High traffic and broad fame are not things that most independent blogs possess. That means ad revenue and paid promotional posts are usually not enough to sustain an independent site, let alone turn it into a profession.
Abroad, bloggers can install e-commerce plugins on WordPress and complete payments through PayPal. In China, bloggers can install similar e-commerce plugins on WordPress too—but because Chinese users prefer Alipay, those plugins often end up being little more than decoration. The same problem applies to domestic blog systems such as Z-blog, PJblog, and Bo-blog; in some cases they do not even reach the stage of decorative usefulness.
People are still developing new blogging software in China, but when it comes to publishing blog posts, there is no obvious breakthrough left that would persuade large numbers of bloggers to abandon their current platforms for something new. The more promising opportunity may lie in e-commerce.
If a new blogging platform could properly support product sales—similar to WordPress e-Commerce—or paid reading and paid content directories—similar to WordPress Business Directory—then it might still have a real future and commercial potential. One possible model would be free use below a certain revenue threshold, with commercial licensing required above it. China also has many micro-payment providers; forming an alliance with one of them, obtaining sponsorship, and bundling an exclusive payment interface into the free version could be a viable strategy, while charging for additional interfaces.
Take Z-blog as an example. It already works well with search engines, and many site operators use it to make money through SEO. If it went one step further and solved product sales and paid-reading functions, its development might accelerate dramatically. Its current business model revolves around hosting, copyright certification, and value-added services. If enterprise blogging becomes more widespread, that model has real merit.
But if blogging software cannot solve the e-commerce problem, then independent blogs in China will struggle to become professional blogs. Most will hit a ceiling. If a blogger has to switch to something like DedeCMS or ShopEx just to handle transactions, can that site still meaningfully be called an independent blog? Looking at the e-commerce ecosystem around WordPress abroad, there is no reason to doubt that blogging must eventually address transactions directly.
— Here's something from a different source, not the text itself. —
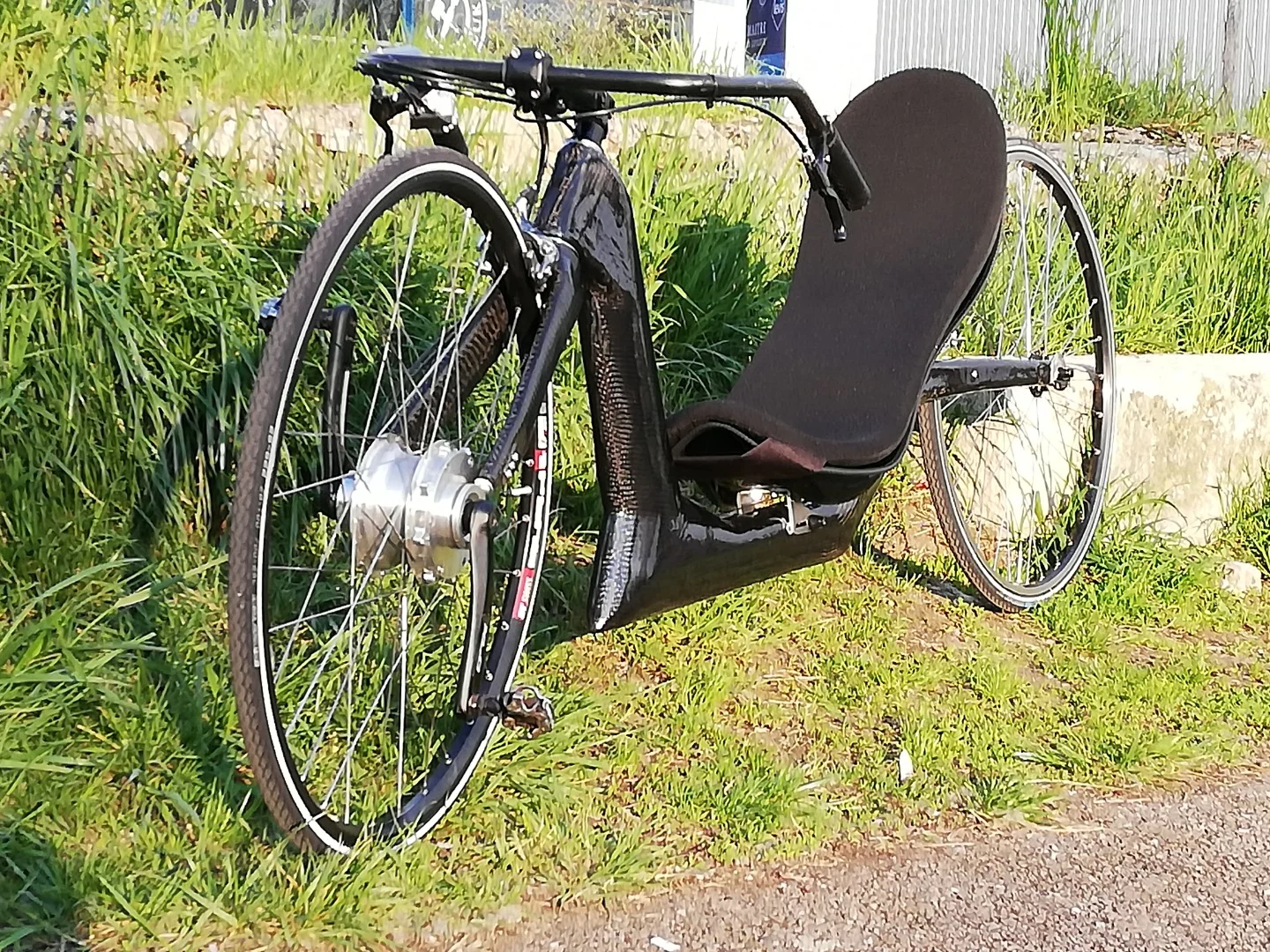 Norway-based KerVelo creator Marc Le Borgne tells us that along with being very aerodynamic, the Low Racer offers "better ergonomics to the rider with higher efficiency and stiffness to the transmission"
That leads to a broader question. If blogging is to become a profession in China while blog software still lacks good commercial tools, do major domestic payment services such as Alipay and Tenpay not have some social responsibility to offer better solutions for independent bloggers? Who will improve tools like WordPress e-Commerce with proper Alipay and Tenpay integration? Micro-payments are clearly part of the wider direction of internet use. China has more than 200 million blog users, yet independent blogs have found it difficult to grow by riding that trend.
Is the problem a lack of public-mindedness in the internet industry, or a lack of business foresight?
The future of independent blogging in China depends on what is changed and invented today.